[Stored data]
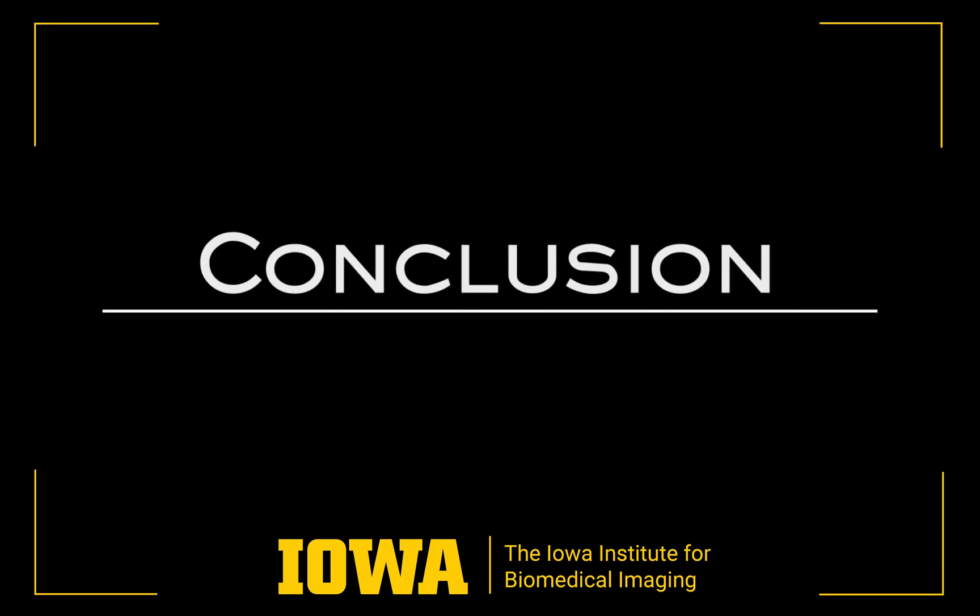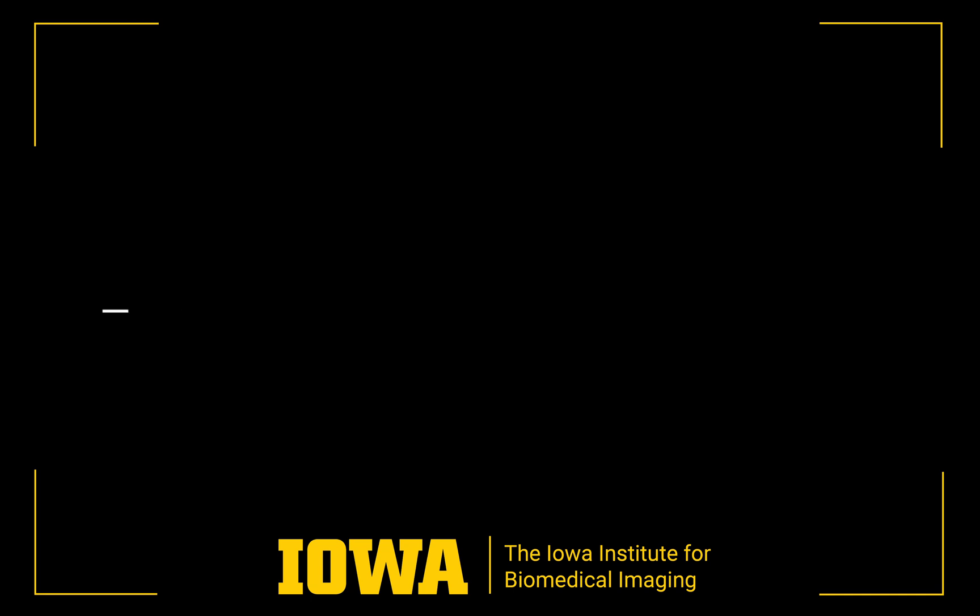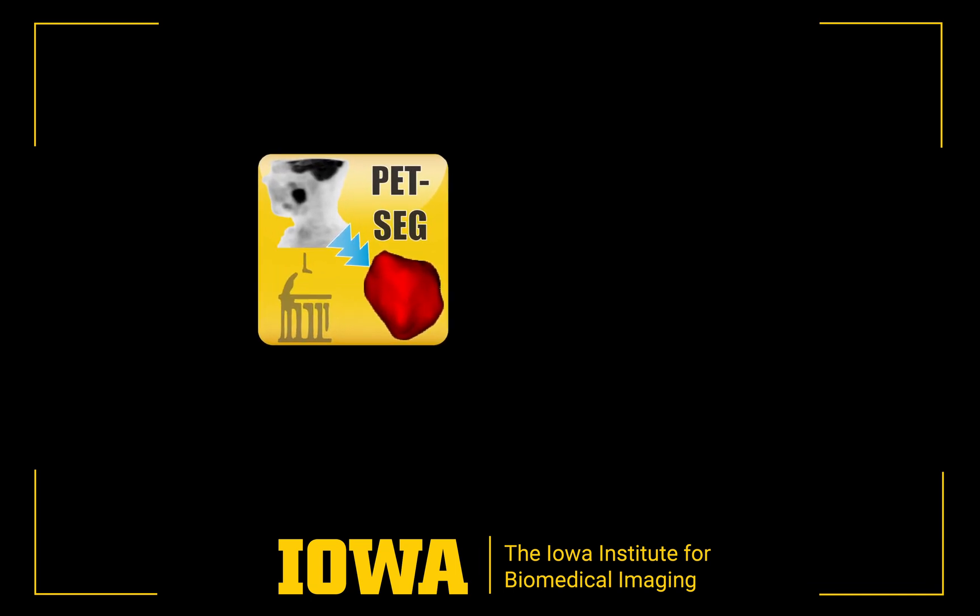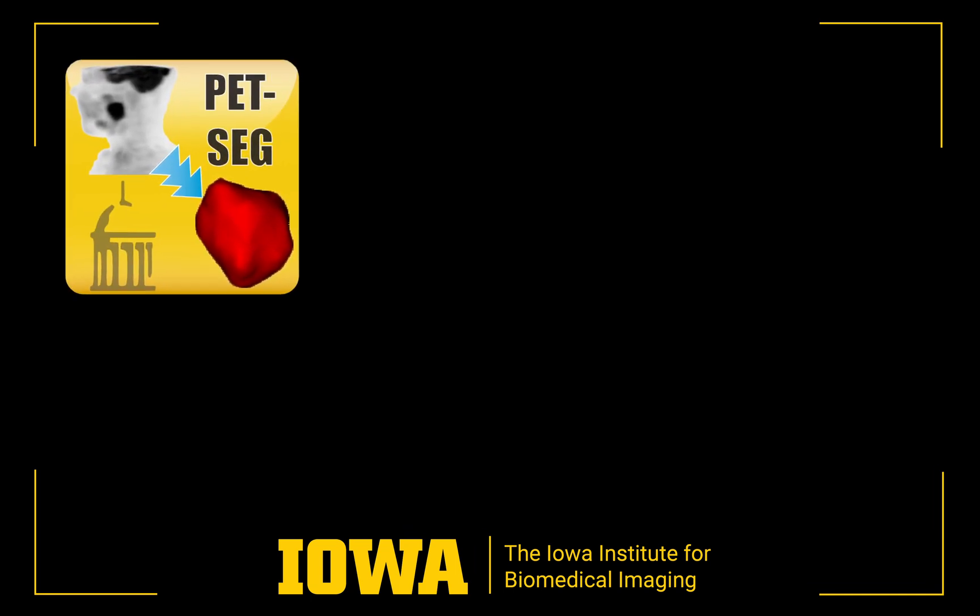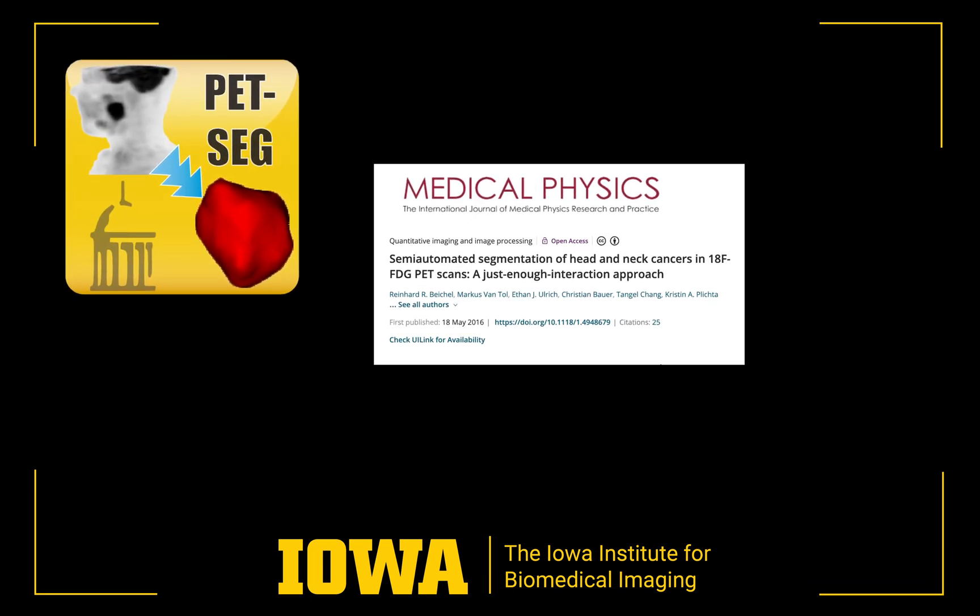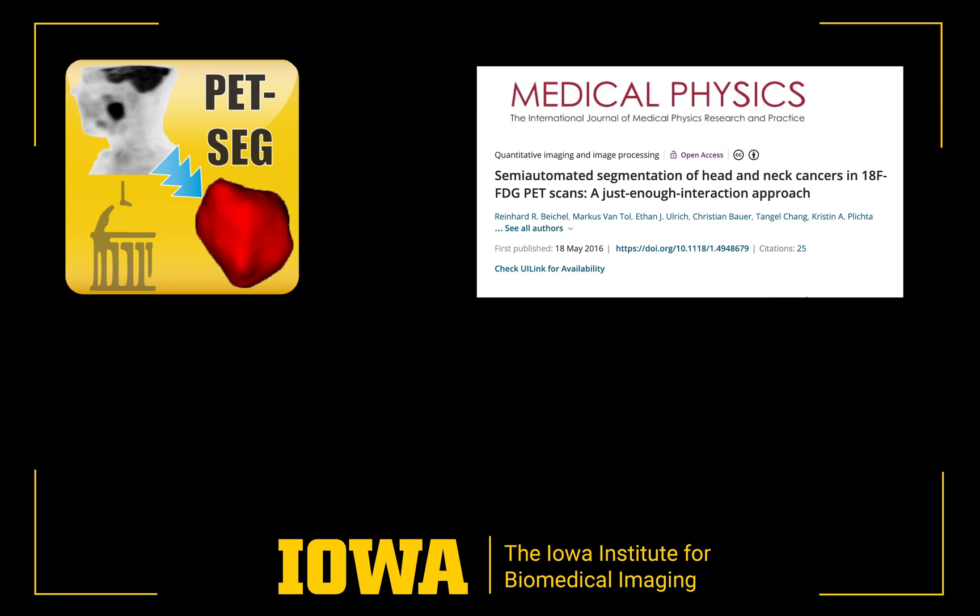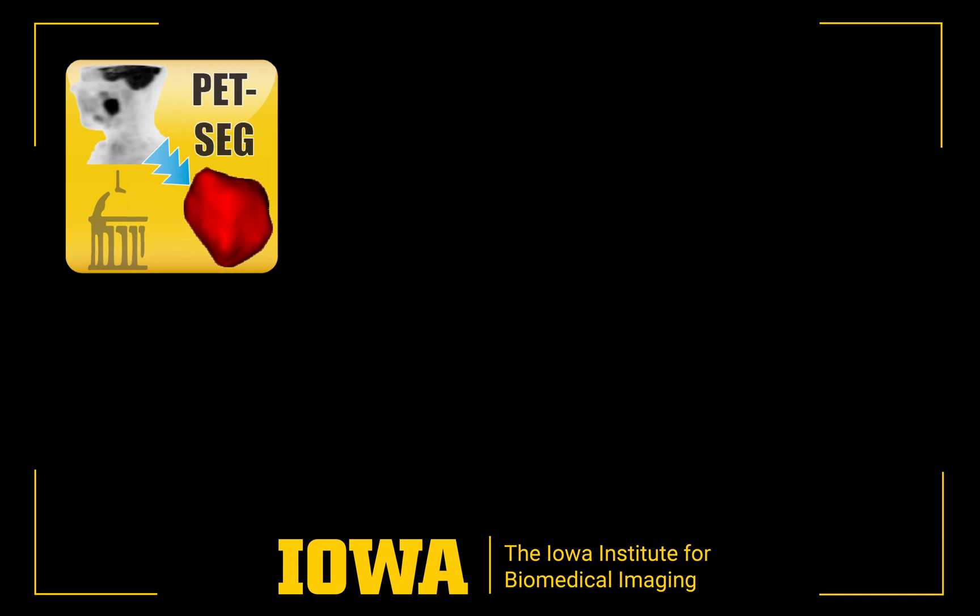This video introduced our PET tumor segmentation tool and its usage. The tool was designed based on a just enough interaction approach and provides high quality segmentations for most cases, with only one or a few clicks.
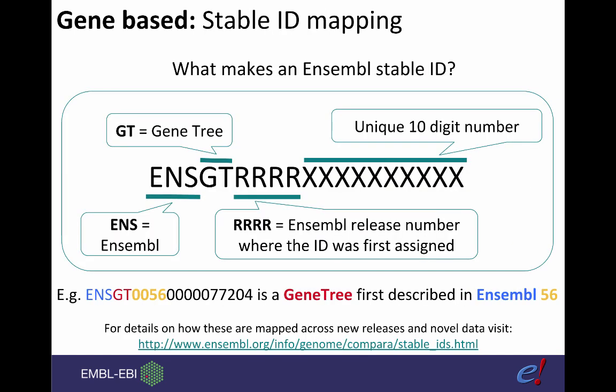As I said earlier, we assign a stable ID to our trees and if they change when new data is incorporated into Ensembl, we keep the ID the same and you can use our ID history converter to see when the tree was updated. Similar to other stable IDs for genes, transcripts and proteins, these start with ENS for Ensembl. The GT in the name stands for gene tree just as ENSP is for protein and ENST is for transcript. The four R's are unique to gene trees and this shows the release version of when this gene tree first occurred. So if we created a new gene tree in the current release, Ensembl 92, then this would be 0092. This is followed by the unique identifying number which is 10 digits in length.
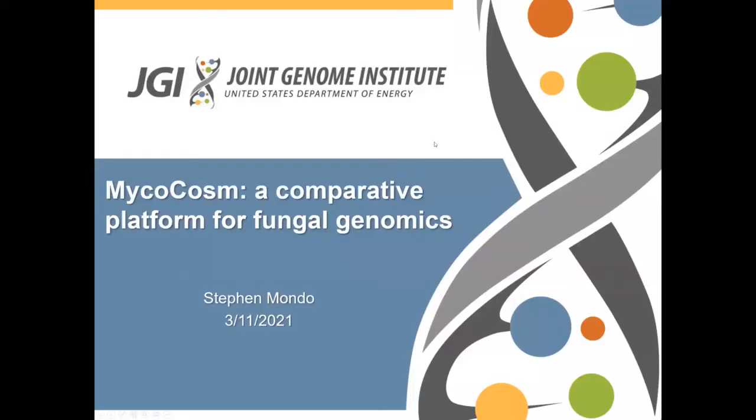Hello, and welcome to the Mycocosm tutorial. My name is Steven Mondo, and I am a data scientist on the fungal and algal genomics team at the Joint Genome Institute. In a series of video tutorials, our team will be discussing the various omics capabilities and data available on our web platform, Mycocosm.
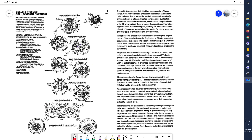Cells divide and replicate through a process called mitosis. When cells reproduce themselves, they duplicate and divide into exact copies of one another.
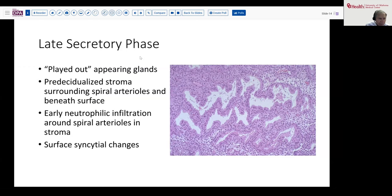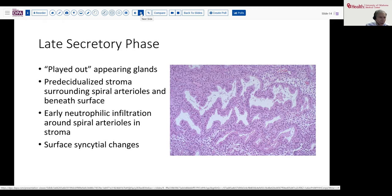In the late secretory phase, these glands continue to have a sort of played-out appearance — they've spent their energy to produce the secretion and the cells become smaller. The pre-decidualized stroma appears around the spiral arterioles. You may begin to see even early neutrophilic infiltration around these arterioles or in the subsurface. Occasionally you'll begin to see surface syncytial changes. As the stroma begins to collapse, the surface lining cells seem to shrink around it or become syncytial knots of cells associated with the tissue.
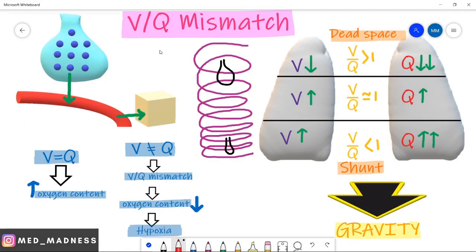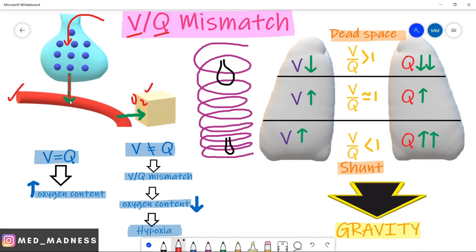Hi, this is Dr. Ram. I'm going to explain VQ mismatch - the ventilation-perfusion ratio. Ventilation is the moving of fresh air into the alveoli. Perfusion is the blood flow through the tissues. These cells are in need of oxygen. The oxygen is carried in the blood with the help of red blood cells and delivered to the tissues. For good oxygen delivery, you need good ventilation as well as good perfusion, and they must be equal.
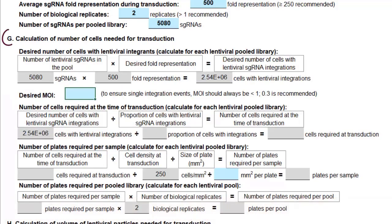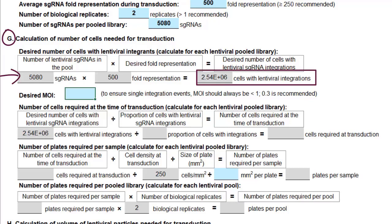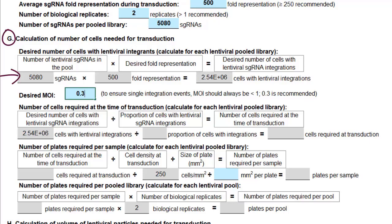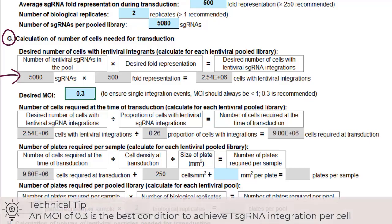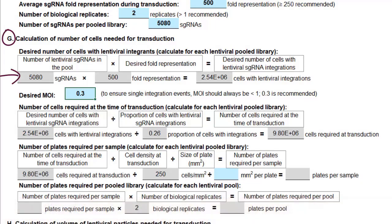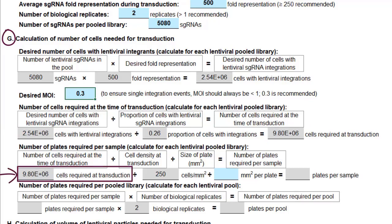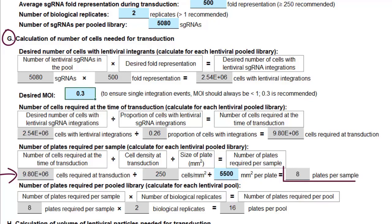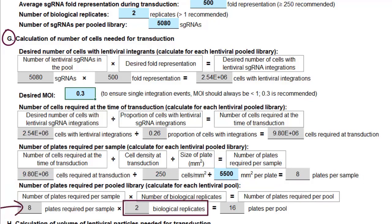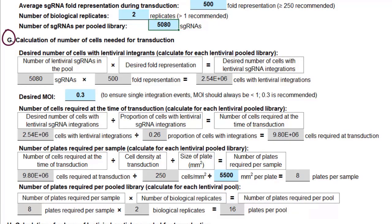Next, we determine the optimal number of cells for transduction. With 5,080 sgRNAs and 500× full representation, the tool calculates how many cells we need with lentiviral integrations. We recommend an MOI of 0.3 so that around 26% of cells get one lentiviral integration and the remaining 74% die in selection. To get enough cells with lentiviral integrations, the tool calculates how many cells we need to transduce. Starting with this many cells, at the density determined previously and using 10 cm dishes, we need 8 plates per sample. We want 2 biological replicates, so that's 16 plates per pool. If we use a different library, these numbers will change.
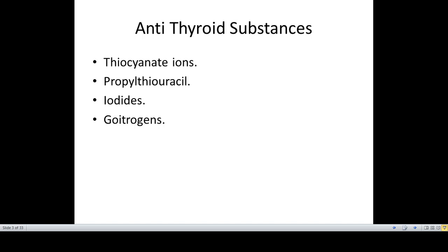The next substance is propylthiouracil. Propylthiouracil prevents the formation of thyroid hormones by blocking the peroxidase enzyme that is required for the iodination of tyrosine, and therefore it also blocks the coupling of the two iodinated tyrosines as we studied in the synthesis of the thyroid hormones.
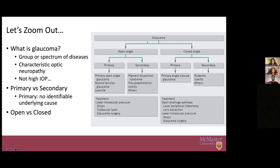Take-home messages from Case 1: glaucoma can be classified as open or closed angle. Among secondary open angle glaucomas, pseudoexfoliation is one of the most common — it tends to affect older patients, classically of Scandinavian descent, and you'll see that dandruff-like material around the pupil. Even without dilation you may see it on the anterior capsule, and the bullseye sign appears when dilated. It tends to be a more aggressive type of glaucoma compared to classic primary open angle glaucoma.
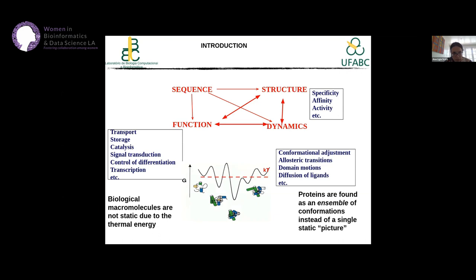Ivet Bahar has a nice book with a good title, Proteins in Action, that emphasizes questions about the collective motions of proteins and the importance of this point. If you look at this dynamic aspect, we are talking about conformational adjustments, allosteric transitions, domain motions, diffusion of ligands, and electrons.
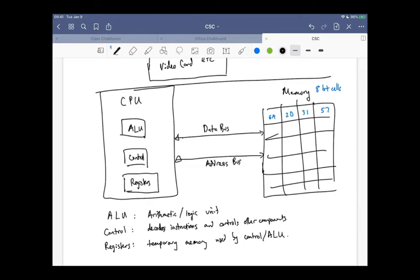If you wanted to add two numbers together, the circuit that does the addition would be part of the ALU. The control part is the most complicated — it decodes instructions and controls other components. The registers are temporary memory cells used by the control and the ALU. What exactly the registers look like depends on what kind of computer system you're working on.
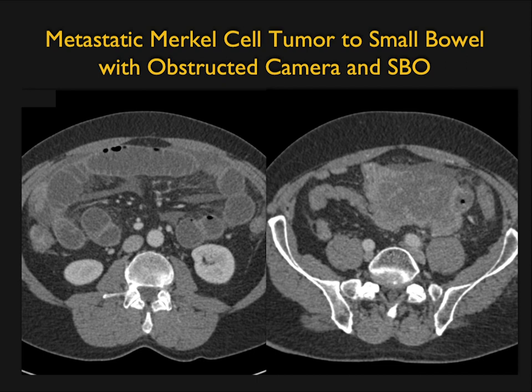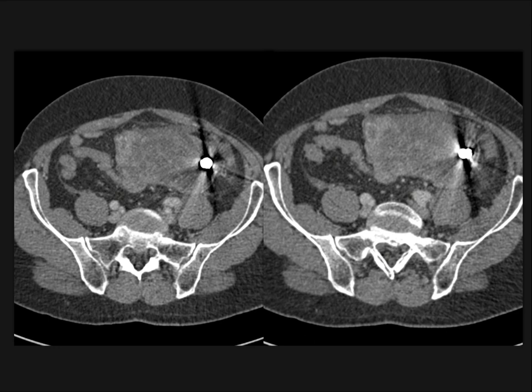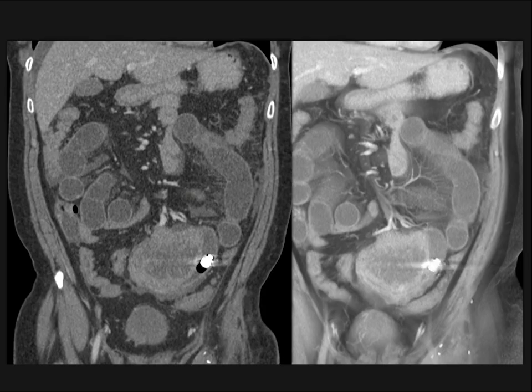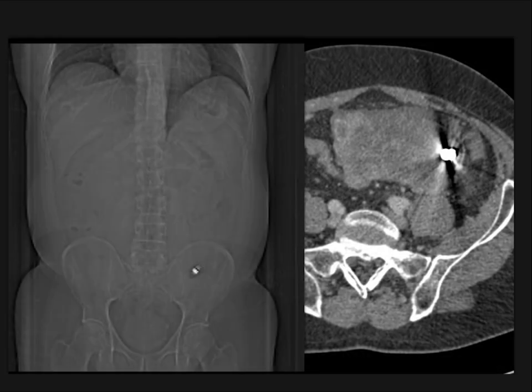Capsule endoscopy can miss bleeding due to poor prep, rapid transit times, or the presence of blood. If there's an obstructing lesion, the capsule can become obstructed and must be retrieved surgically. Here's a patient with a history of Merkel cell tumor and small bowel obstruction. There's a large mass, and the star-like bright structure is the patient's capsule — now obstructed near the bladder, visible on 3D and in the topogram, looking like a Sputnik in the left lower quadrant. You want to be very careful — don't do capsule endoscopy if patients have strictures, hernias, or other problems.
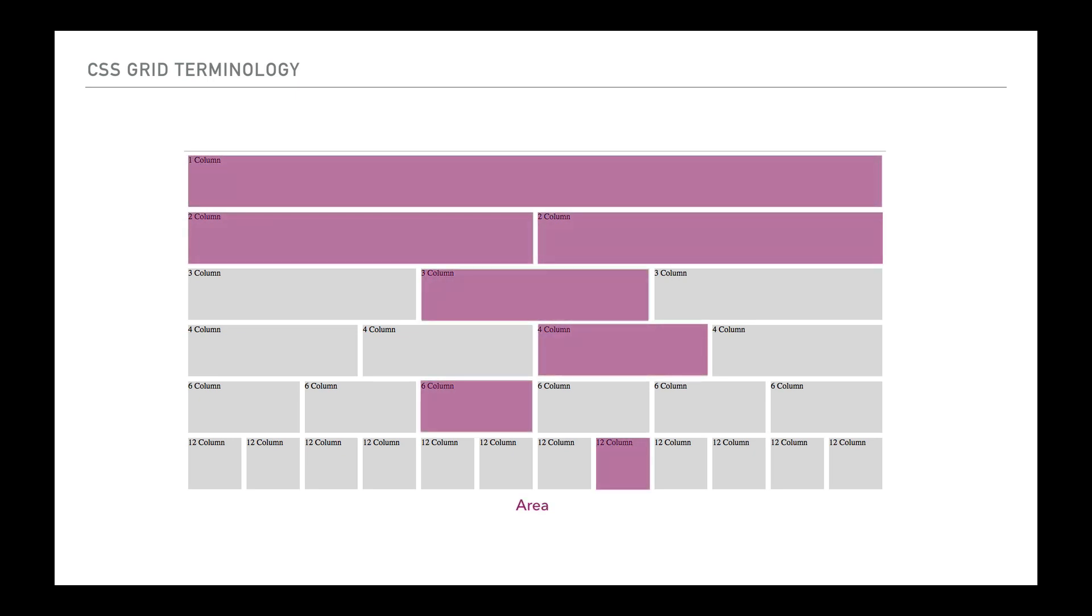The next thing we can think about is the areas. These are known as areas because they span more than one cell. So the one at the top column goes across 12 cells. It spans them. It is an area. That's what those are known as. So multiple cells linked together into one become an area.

(WHAT IS NEEDED): Return the entries exactly as given. Do not include pictures.

(ANSWER SECTION):
This video introduced our PET tumor segmentation tool and its usage. The tool was designed based on a just enough interaction approach and provides high quality segmentations for most cases, with only one or a few clicks.
As I said earlier, we assign a stable ID to our trees and if they change when new data is incorporated into Ensembl, we keep the ID the same and you can use our ID history converter to see when the tree was updated. Similar to other stable IDs for genes, transcripts and proteins, these start with ENS for Ensembl. The GT in the name stands for gene tree just as ENSP is for protein and ENST is for transcript. The four R's are unique to gene trees and this shows the release version of when this gene tree first occurred. So if we created a new gene tree in the current release, Ensembl 92, then this would be 0092. This is followed by the unique identifying number which is 10 digits in length.
Hello, and welcome to the Mycocosm tutorial. My name is Steven Mondo, and I am a data scientist on the fungal and algal genomics team at the Joint Genome Institute. In a series of video tutorials, our team will be discussing the various omics capabilities and data available on our web platform, Mycocosm.
Cells divide and replicate through a process called mitosis. When cells reproduce themselves, they duplicate and divide into exact copies of one another.
In the late secretory phase, these glands continue to have a sort of played-out appearance — they've spent their energy to produce the secretion and the cells become smaller. The pre-decidualized stroma appears around the spiral arterioles. You may begin to see even early neutrophilic infiltration around these arterioles or in the subsurface. Occasionally you'll begin to see surface syncytial changes. As the stroma begins to collapse, the surface lining cells seem to shrink around it or become syncytial knots of cells associated with the tissue.
Hi, this is Dr. Ram. I'm going to explain VQ mismatch - the ventilation-perfusion ratio. Ventilation is the moving of fresh air into the alveoli. Perfusion is the blood flow through the tissues. These cells are in need of oxygen. The oxygen is carried in the blood with the help of red blood cells and delivered to the tissues. For good oxygen delivery, you need good ventilation as well as good perfusion, and they must be equal.
Next, we determine the optimal number of cells for transduction. With 5,080 sgRNAs and 500× full representation, the tool calculates how many cells we need with lentiviral integrations. We recommend an MOI of 0.3 so that around 26% of cells get one lentiviral integration and the remaining 74% die in selection. To get enough cells with lentiviral integrations, the tool calculates how many cells we need to transduce. Starting with this many cells, at the density determined previously and using 10 cm dishes, we need 8 plates per sample. We want 2 biological replicates, so that's 16 plates per pool. If we use a different library, these numbers will change.
The next substance is propylthiouracil. Propylthiouracil prevents the formation of thyroid hormones by blocking the peroxidase enzyme that is required for the iodination of tyrosine, and therefore it also blocks the coupling of the two iodinated tyrosines as we studied in the synthesis of the thyroid hormones.
Take-home messages from Case 1: glaucoma can be classified as open or closed angle. Among secondary open angle glaucomas, pseudoexfoliation is one of the most common — it tends to affect older patients, classically of Scandinavian descent, and you'll see that dandruff-like material around the pupil. Even without dilation you may see it on the anterior capsule, and the bullseye sign appears when dilated. It tends to be a more aggressive type of glaucoma compared to classic primary open angle glaucoma.
Ivet Bahar has a nice book with a good title, Proteins in Action, that emphasizes questions about the collective motions of proteins and the importance of this point. If you look at this dynamic aspect, we are talking about conformational adjustments, allosteric transitions, domain motions, diffusion of ligands, and electrons.
If you wanted to add two numbers together, the circuit that does the addition would be part of the ALU. The control part is the most complicated — it decodes instructions and controls other components. The registers are temporary memory cells used by the control and the ALU. What exactly the registers look like depends on what kind of computer system you're working on.
Capsule endoscopy can miss bleeding due to poor prep, rapid transit times, or the presence of blood. If there's an obstructing lesion, the capsule can become obstructed and must be retrieved surgically. Here's a patient with a history of Merkel cell tumor and small bowel obstruction. There's a large mass, and the star-like bright structure is the patient's capsule — now obstructed near the bladder, visible on 3D and in the topogram, looking like a Sputnik in the left lower quadrant. You want to be very careful — don't do capsule endoscopy if patients have strictures, hernias, or other problems.
The next thing we can think about is the areas. These are known as areas because they span more than one cell. So the one at the top column goes across 12 cells. It spans them. It is an area. That's what those are known as. So multiple cells linked together into one become an area.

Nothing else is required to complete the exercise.